Icahn Enterprises LP, through his indirect wholly-owned subsidiary IEH FM Holdings LLC, sealed the deal after Federal-Mogul’s second-largest shareholder Gabelli Asset Management Company Investors tendered 7 million shares to Icahn, providing enough shares to take over the public company outright, Bloomberg reported.

Icahn previously owned 82 percent of the Federal-Mogul shares.

The deal, announced Thursday by Icahn Enterprises, ends a near yearlong quest for Icahn to acquire the supplier, known for its arsenal of aftermarket brands such as Anco wiper blades, Champion spark plugs and Wagner brakes. 

On Jan. 3, Icahn offered $10 per share, up from a previous offer of $9.25 per share, to acquire the remaining shares

Last February, Icahn entered into a definitive agreement to acquire the remaining shares, offering $7 per share, then upped the bid to $8 per share in June. By September, Icahn upped the bid again to pay $9.25 per share in an all-cash deal, which represented an 86 percent premium on the supplier’s share price of $4.98 on Feb. 26, when Icahn first proposed the buyout.

The bid comes after Federal-Mogul scrapped its plan in January 2015 to split the company into two separate public entities.

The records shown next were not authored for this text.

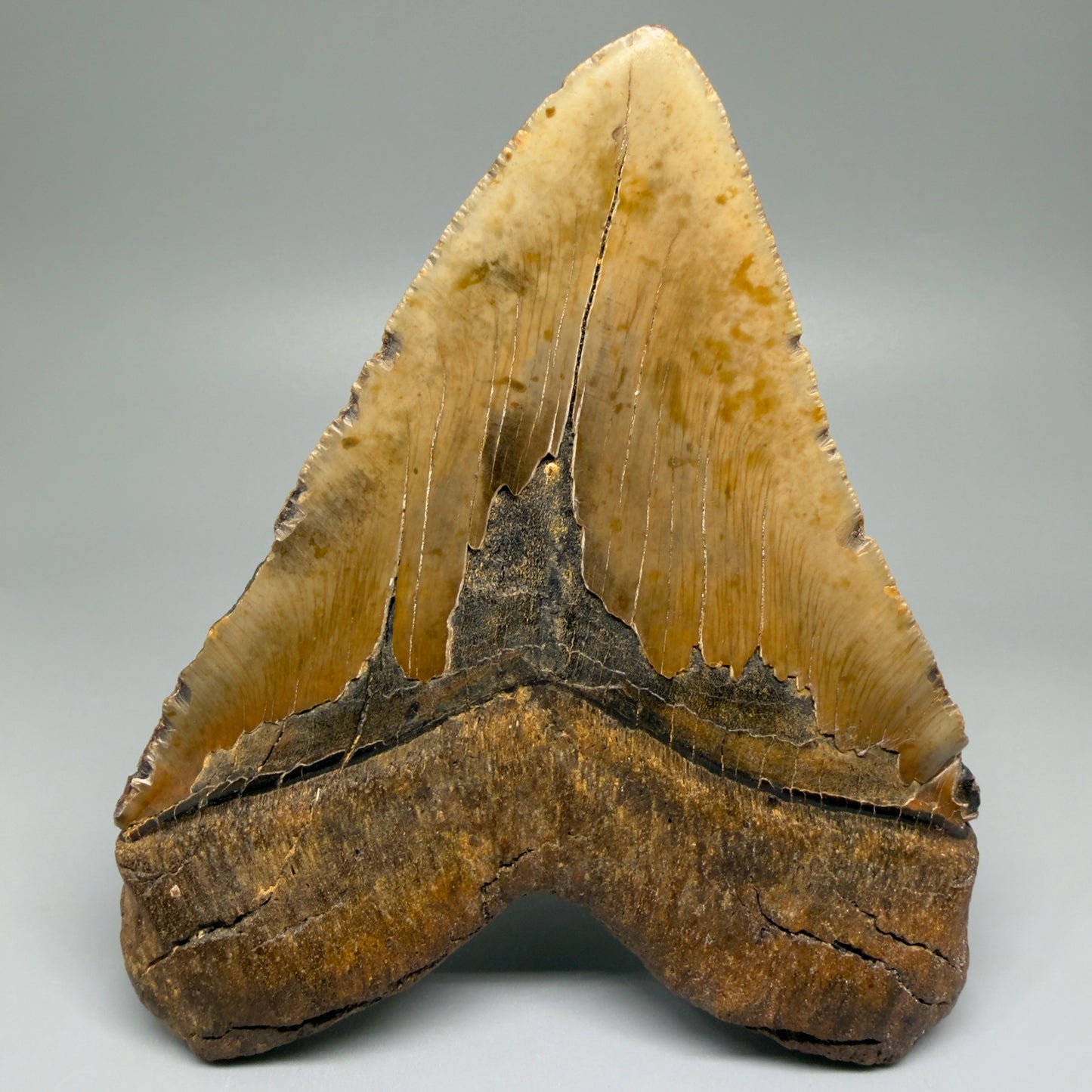 Back View 5.83" North Carolina Megalodon Tooth – Extremely Wide Shape | Authentic Fossil CM5481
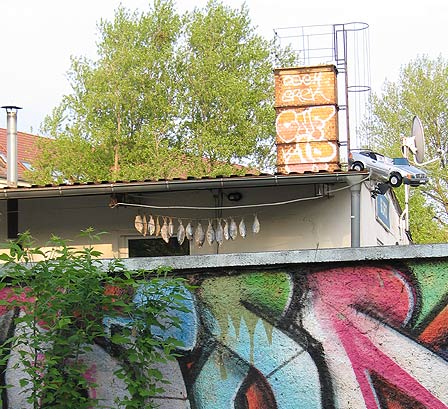 trocknende Fische in Friedrichshain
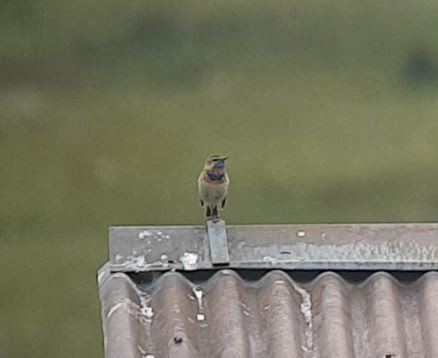 Bluethroat (Red-spotted) - ML400641531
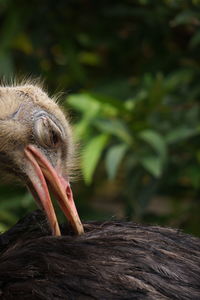 Bird of sumatra island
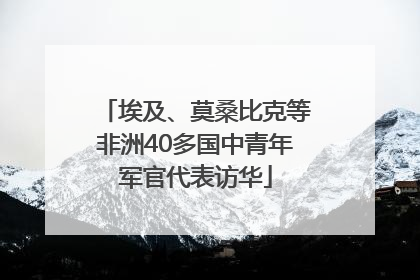 埃及、莫桑比克等非洲40多国中青年军官代表访华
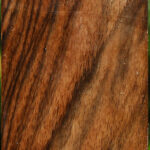 Extra Fancy English Walnut Forend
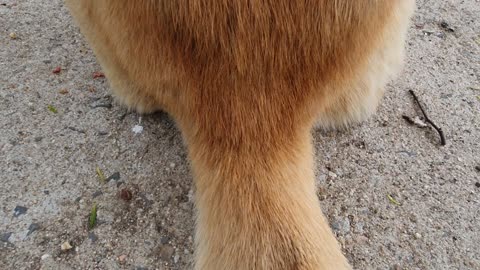 Our puppy hates to touch its tail 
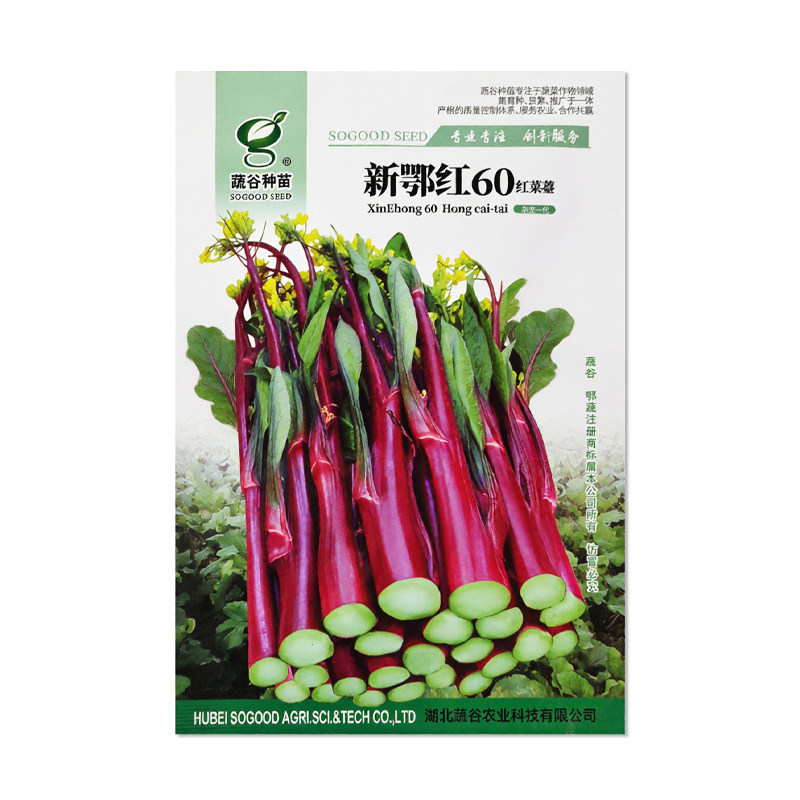 蔬谷种苗新鄂红60红菜苔种子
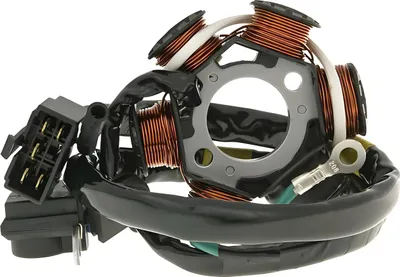 Immagine prodotto di Statore alternatore per Kymco DJ, Fever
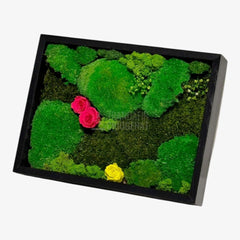 Tablou Natural 30x40 Cm Cu Mușchi Stabilizat Licheni Decorativi Și Trandafiri Criogenați În Rama Neagră - Trandafir - Criogenat.ro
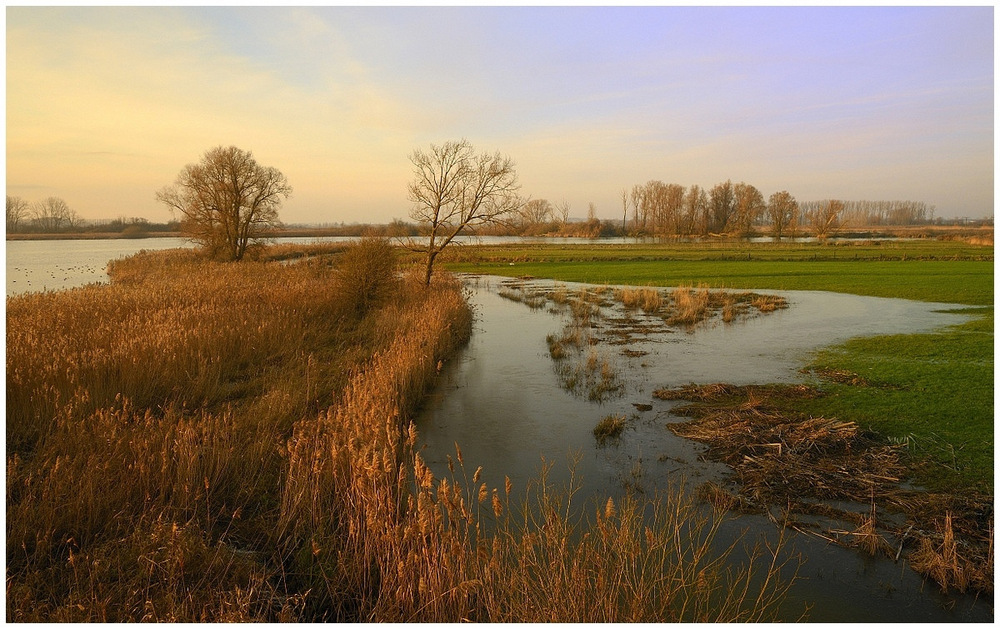 The day after the rain.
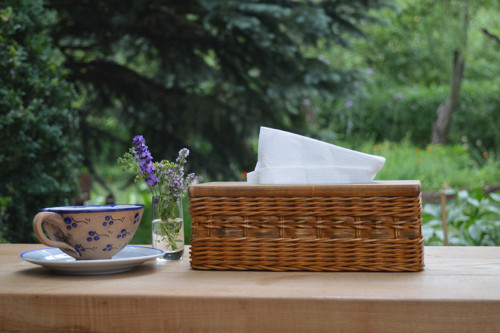 Kapesníkovník pinie — foto 3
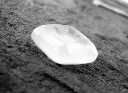 Menthol Eucaliptus.webp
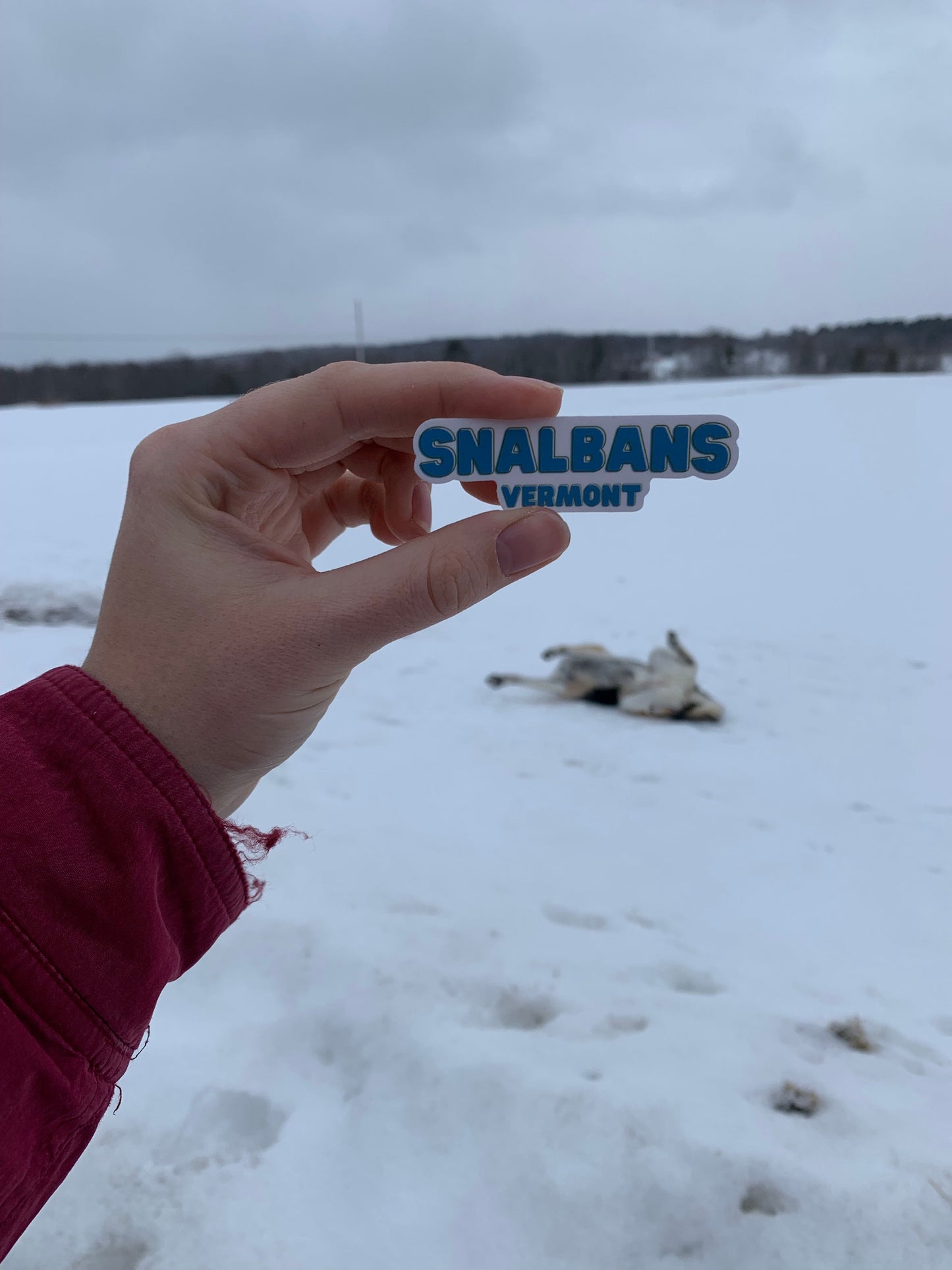 Snalbans Sticker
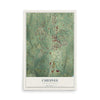Map of Chesnee, South Carolina, 12 x 18 inch unframed archival matte print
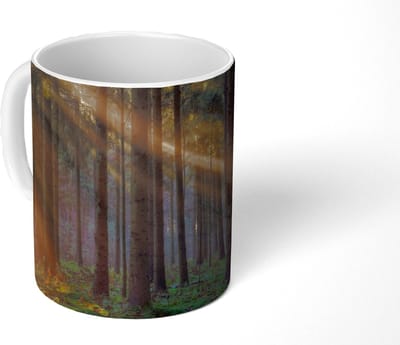Mok - Koffiemok - Bomen - Bos - Zon - Planten - Mokken - 350 ML - Beker - Koffiemokken - Theemok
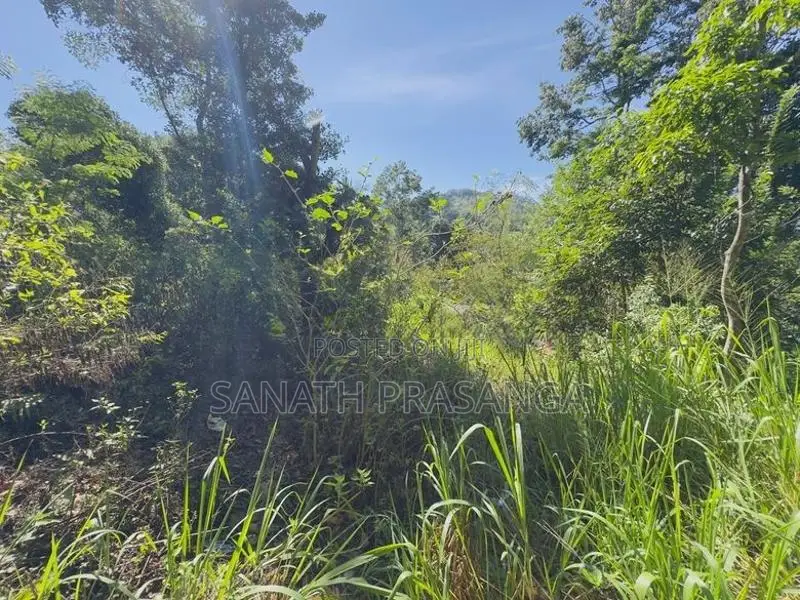 Land For Sale In Badulla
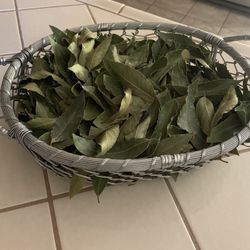 Hojas De Laurel Organico (Organic Laurel leaf)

Company officers pointed to market conditions as the culprit behind its decision not to split its aftermarket parts division from its powertrain division.

In December 2015, Icahn won a $1.03 billion bidding war for auto parts retail chain Pep Boys. Experts believe Icahn plans to use the parts retailer as a mainline for Federal-Mogul parts but fear his vertical integration strategy will hurt the company over the long term.

Pep Boys’ 800 stores, paired with Icahn’s other aftermarket retailer, the 278-location Auto Plus, would make up the fifth-largest retail auto parts chain in the U.S. Even with Pep Boys’ stores, Auto Plus would be significantly smaller than rivals Advance Auto Parts Inc., Autozone Inc. and O’Reilly Automotive Inc.

It’s unclear whether Icahn taking full control of Federal-Mogul would expedite that process.

Federal-Mogul (NASDAQ: FDML) shares traded at $10.01, just above Icahn’s offer, in Thursday’s morning trading.

The supplier, based north of Detroit in Southfield, Mich., ranks No. 47 on the Automotive News list of the top 100 global suppliers with estimated worldwide sales to automakers of $5.1 billion in 2015.